第8章 旅立ち

2004年12月21日

今日、「クレッセント」の録音を聞いた。
田嶋先生の持つ「空間」の広さを感じる。
ぐーっと遠くまで広がっていく。
私の音も、それに引っ張られて、広くなり、厚くなっていっている。

感性とか、センスだけの問題なんだろうか。

演奏中は怖かったピアニッシモ。
すーっと、遠くまで伸びていた。
ちゃんと聞こえていた。

2004年10月28日

この夏、家を建てることになったため、ハウスメーカーに通い詰めになっている。
毎日寝不足。
その間、もちろん演奏会あり、発表会あり、しかも結婚式あり、はてはお葬式まで。

21日は田嶋先生のリサイタル。受付。
リハーサルを聞いていたら、先生が音のチェックをするようにと言うので、見た目にも気になるところを話した。本番はよかった。

今回は、一人芝居とのコラボだった。
いい面もあるし、考えてしまう面もあったな。

2004年7月15日

門下生の発表会が終わった。

またしても、ありえないくらいの緊張をした。

手は平気なのに、全身汗びっしょり。

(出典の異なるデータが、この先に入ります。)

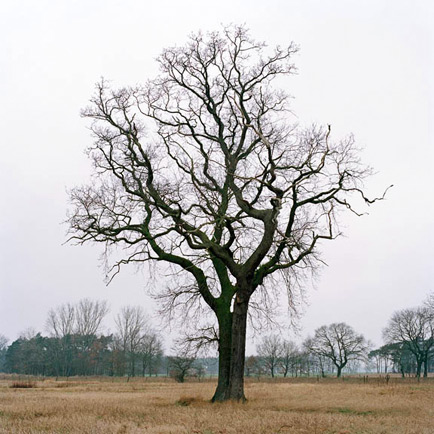 Two trees grown together, by Dietmar Busse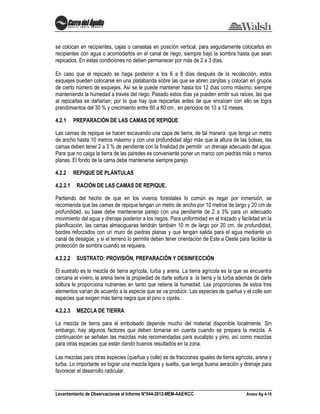 Levantamiento de Observaciones al Informe N°044-2012-MEM-AAE/KCC Anexo Ag 4-10
se colocan en recipientes, cajas o canastas en posición vertical, para seguidamente colocarlos en
recipientes con agua o acomodarlos en el canal de riego, siempre bajo la sombra hasta que sean
repicados. En estas condiciones no deben permanecer por más de 2 a 3 días.
En caso que el repicado se haga posterior a los 6 a 8 días después de la recolección, estos
esquejes pueden colocarse en una platabanda sobre las que se abren zanjitas y colocan en grupos
de cierto número de esquejes. Así se le puede mantener hasta los 12 días como máximo, siempre
manteniendo la humedad a través del riego. Pasado estos días ya pueden emitir sus raíces, las que
al repicarlas se dañarían; por lo que hay que repicarlas antes de que enraícen con ello se logra
prendimientos del 30 % y crecimiento entre 60 a 80 cm., en periodos de 10 a 12 meses.
4.2.1 PREPARACIÓN DE LAS CAMAS DE REPIQUE
Las camas de repique se hacen excavando una capa de tierra, de tal manera que tenga un metro
de ancho hasta 10 metros máximo y con una profundidad algo más que la altura de las bolsas, las
camas deben tener 2 a 3 % de pendiente con la finalidad de permitir un drenaje adecuado del agua.
Para que no caiga la tierra de las paredes es conveniente poner un marco con piedras más o menos
planas. El fondo de la cama debe mantenerse siempre parejo
4.2.2 REPIQUE DE PLÁNTULAS
4.2.2.1 RACIÓN DE LAS CAMAS DE REPIQUE.
Partiendo del hecho de que en los viveros forestales lo común es regar por inmersión, se
recomienda que las camas de repique tengan un metro de ancho por 10 metros de largo y 20 cm de
profundidad, su base debe mantenerse parejo con una pendiente de 2 a 3% para un adecuado
movimiento del agua y drenaje posterior a los riegos. Para uniformidad en el trazado y facilidad en la
planificación, las camas almacigueras tendrán también 10 m de largo por 20 cm. de profundidad,
bordes reforzados con un muro de piedras planas y que tengan salida para el agua mediante un
canal de desagüe, y si el terreno lo permite deben tener orientación de Este a Oeste para facilitar la
protección de sombra cuando se requiera.
4.2.2.2 SUSTRATO: PROVISIÓN, PREPARACIÓN Y DESINFECCIÓN
El sustrato es la mezcla de tierra agrícola, turba y arena. La tierra agrícola es la que se encuentra
cercana al vivero, la arena tiene la propiedad de darle soltura a la tierra y la turba además de darle
soltura le proporciona nutrientes en tanto que retiene la humedad. Las proporciones de estos tres
elementos varían de acuerdo a la especie que se va producir. Las especies de queñua y el colle son
especies que exigen más tierra negra que el pino o ciprés.
4.2.2.3 MEZCLA DE TIERRA
La mezcla de tierra para el embolsado depende mucho del material disponible localmente. Sin
embargo, hay algunos factores que deben tomarse en cuenta cuando se prepara la mezcla. A
continuación se señalan las mezclas más recomendadas para eucalipto y pino, así como mezclas
para otras especies que están dando buenos resultados en la zona.
Las mezclas para otras especies (queñua y colle) es de fracciones iguales de tierra agrícola, arena y
turba. Lo importante es lograr una mezcla ligera y suelta, que tenga buena aeración y drenaje para
favorecer el desarrollo radicular.
 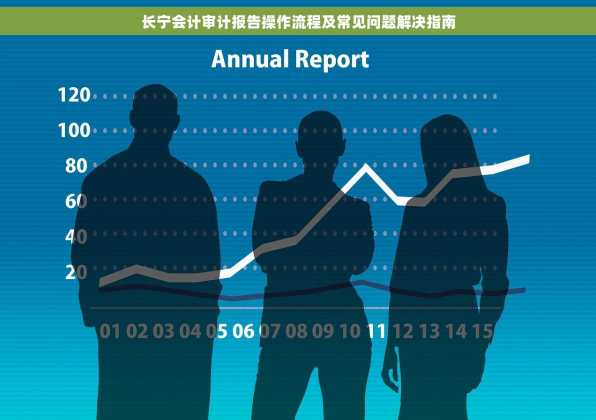 长宁会计审计报告操作流程及常见问题解决指南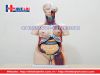 Mô hình giải phẫu nội tạng nữ giới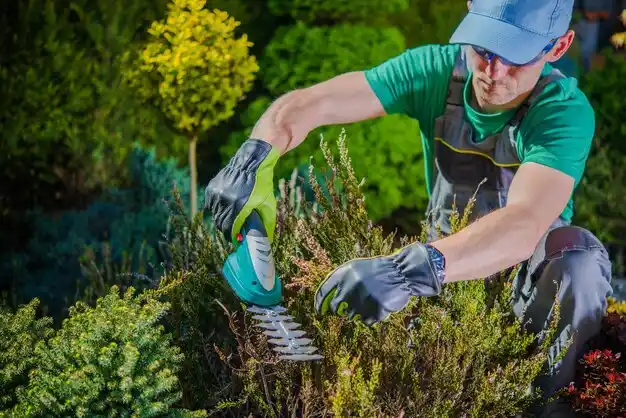 landscaping services Orchard Grass Hills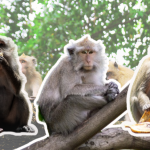 Potensi Transmisi Zoonosis pada Makaka, Berbahaya tapi Bisa Dicegah! 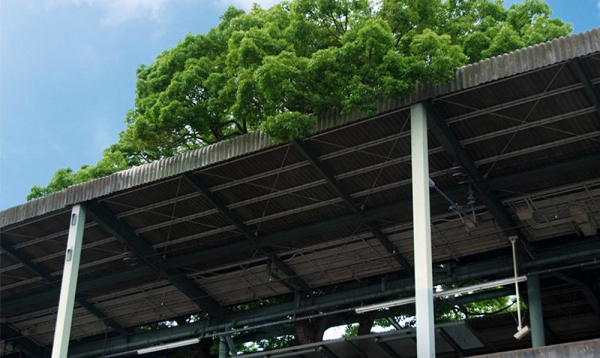 Người ta cố gắng đốn cây long não hai lần, mỗi lần như vậy đều có ai đó qua đời. Họ tin rằng thần linh muốn cái cây sống nên từ bỏ việc chặt hạ và xây nhà ga bao quanh cái cây.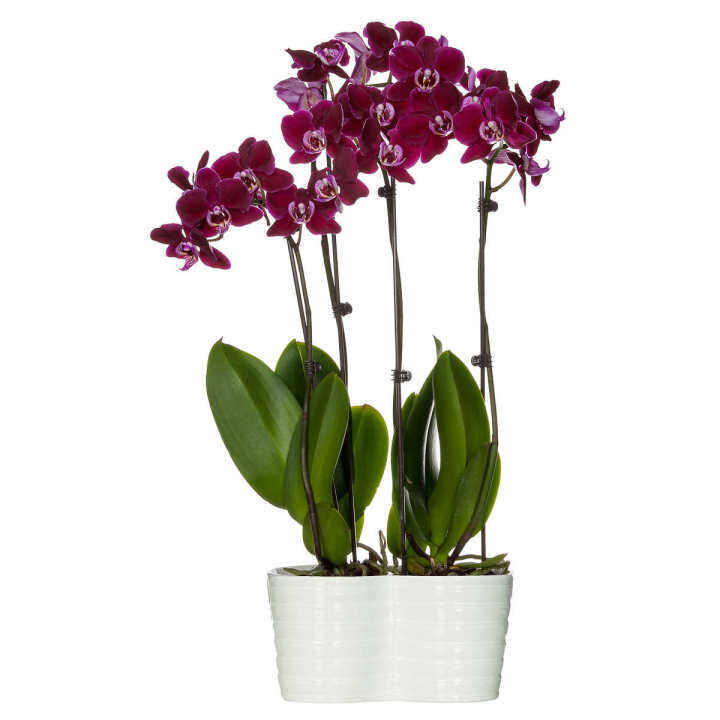 30-เมล็ดพันธุ์-bonsai-เมล็ดกล้วยไม้-ฟาแลนนอปซิส-phalaenopsis-orchids-orchid-flower-seed-อัตราการงอกของเมล็ด-80-85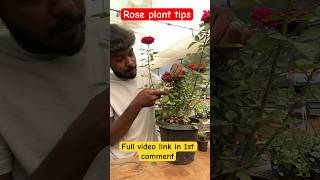 ரோஜா செடி நல்லா வளர இதை பண்ணுங்க /rose plant tips Tamil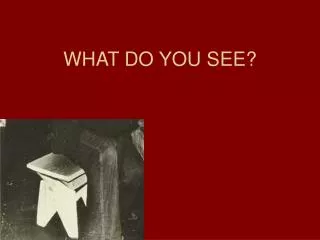 WHAT DO YOU SEE?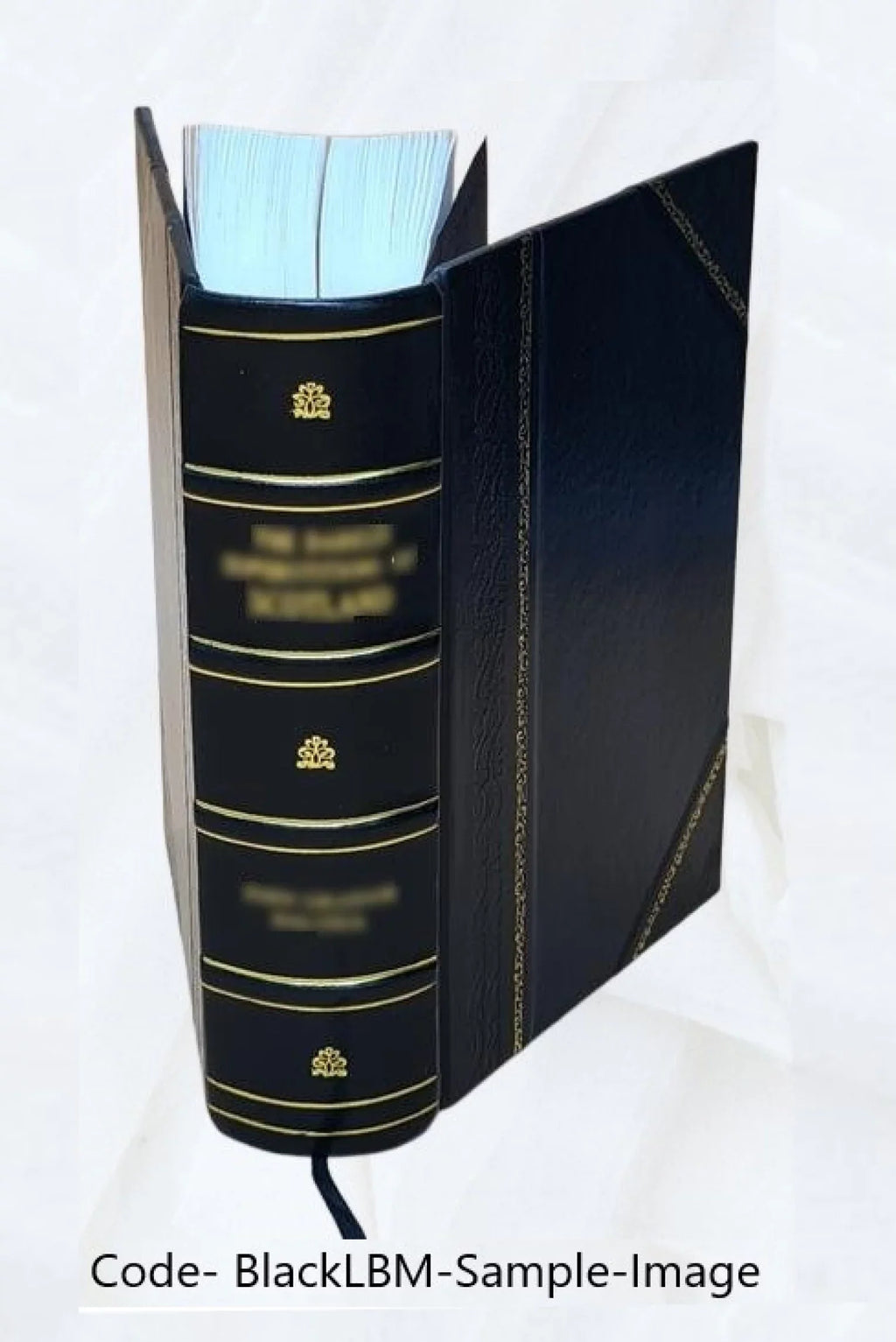 Li romans de Claris et Laris Volume 169 1884 [Leather Bound]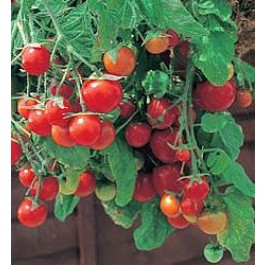 Tomaten_balkontomaat_Tumbling_Tom_Red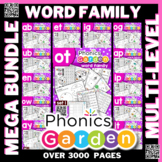 2 Letter Word Family Multi-Level BUNDLE | Pat-a-Word | OVE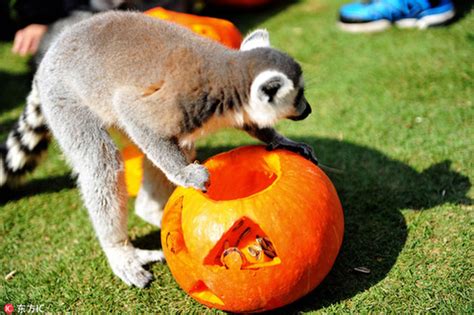 Halloween Treats For Animals At The Zoo 4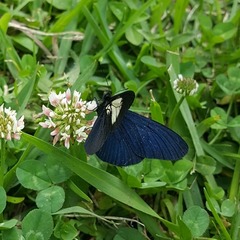 Altinote ozomene nox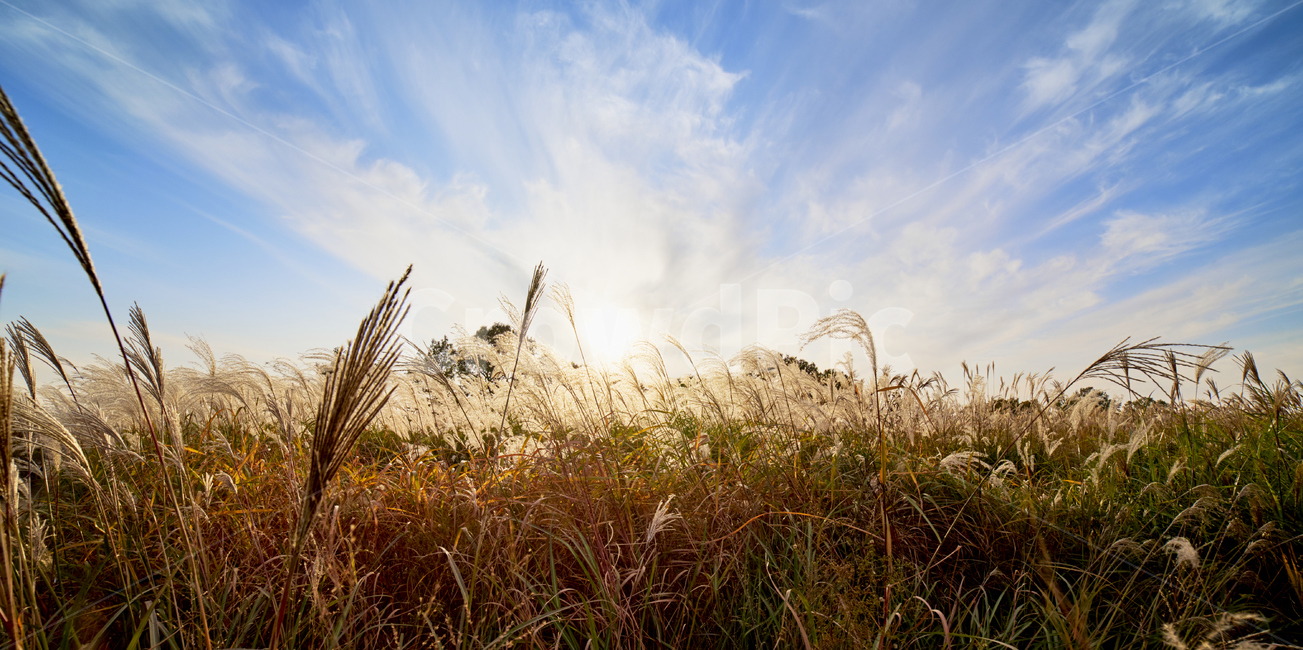억새,억새풍경,파란하늘,갈대,가을풍경,가을,계절,fall,autumn,season,자연,풍경,nature,landscape,grass,잔디,plant,식물,lawn,reed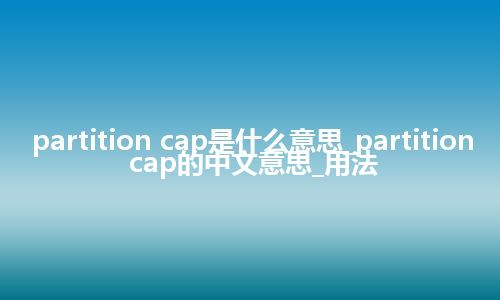 partition cap是什么意思_partition cap的中文意思_用法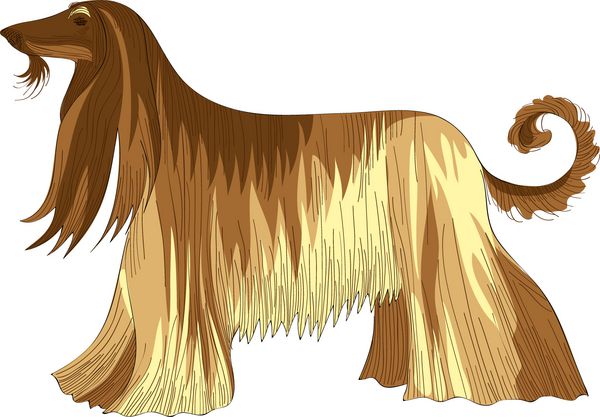 وکتور طرح رنگی سگ نژاد سگ تازی افغان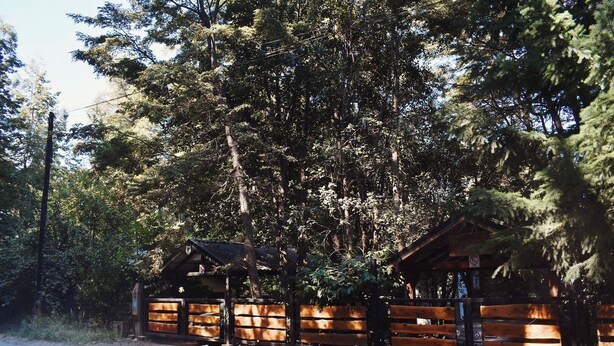 A rustic cabin with a wooden deck and a covered area, surrounded by dense forest.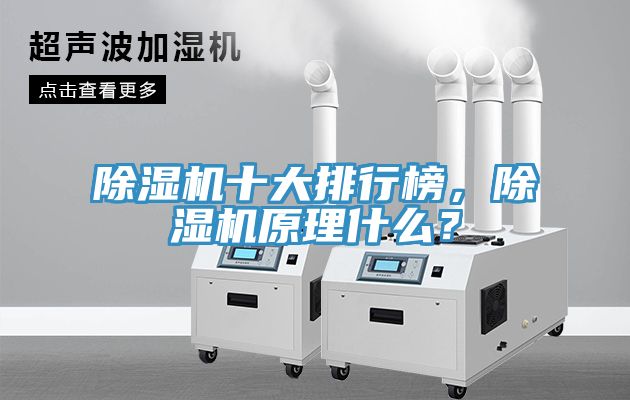 91免费网站在线观看十大排行榜，91免费网站在线观看原理什么？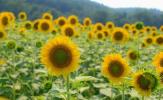 La parcela de girasol de una milla de largo de Biltmore Estate está en plena floración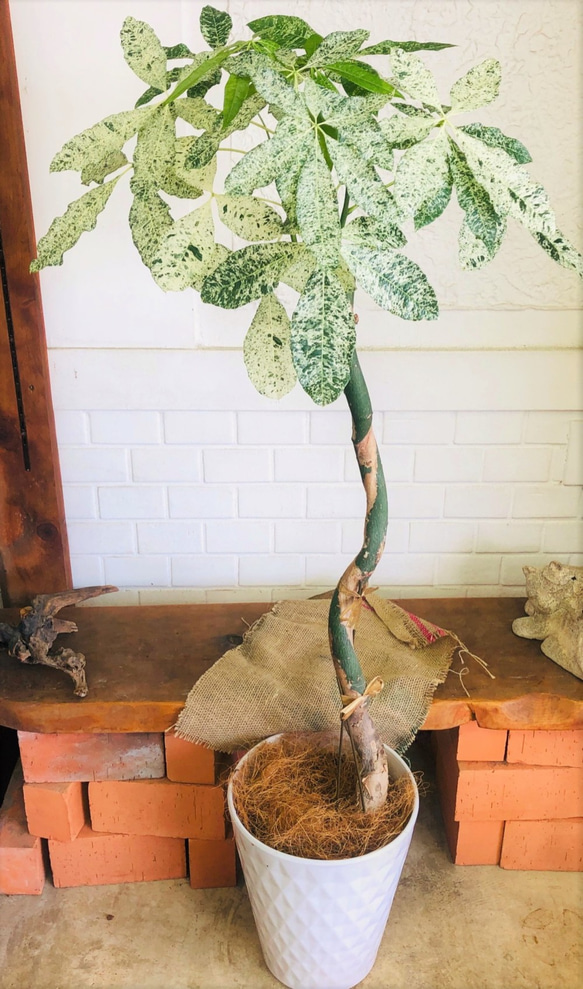 斑入りパキラ　ミルキーウェイ 斑入りパキラ ミルキーウェイ 斑入りパキラ♪ミルキーウェイ【送料無料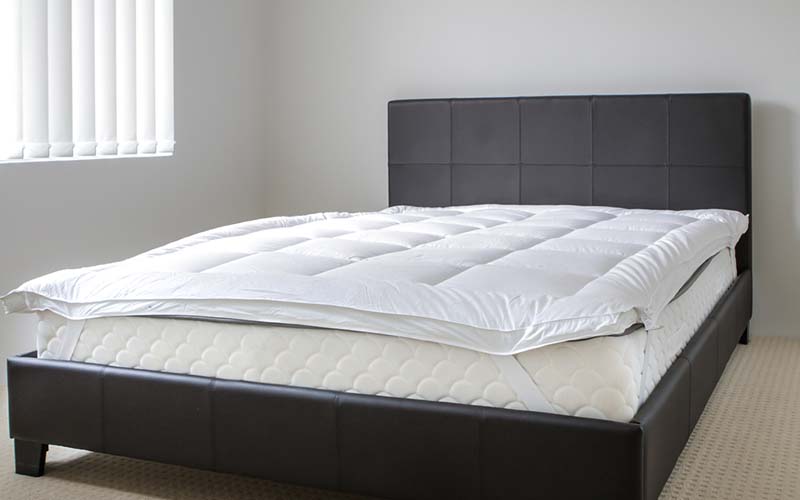 carpet cleaning in suffolk, carpet cleaning suffolk, carpet cleaners in suffolk, carpet cleaners in suffolk, commercial carpet cleaning, commercial carpet cleaning in suffolk, suffolk rug cleaners, rug cleaning services in suffolk, same day carpet cleaning, same day rug cleaning in suffolk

ブラウスがビニールのように全部へばりついた。
前半ぎこちなく、力入らず、糸違いをして・・・・・
先生の尺八の音に全身で耳を傾けつつ、「自分を開放」し、「自然体」になろうと必死になっていた。
悔しい。力、ちから・・・・入らない。
ピアニシモ・・・・こんなに小さい音、聞こえてるかなぁ。伝わっているかなぁ。

フレーズの中で、盛り上げようとすると最後の1拍を加速してしまう。
心穏やかに、だがパッションして。
弾きながら、いろんなものに、勝手に縛られていたことを実感した。
演奏としては、まったく駄目だけど、心の置き方は変わっていた。

2004年6月8日

門下生発表会のプログラムを渡された。
演奏順が1番になっていた。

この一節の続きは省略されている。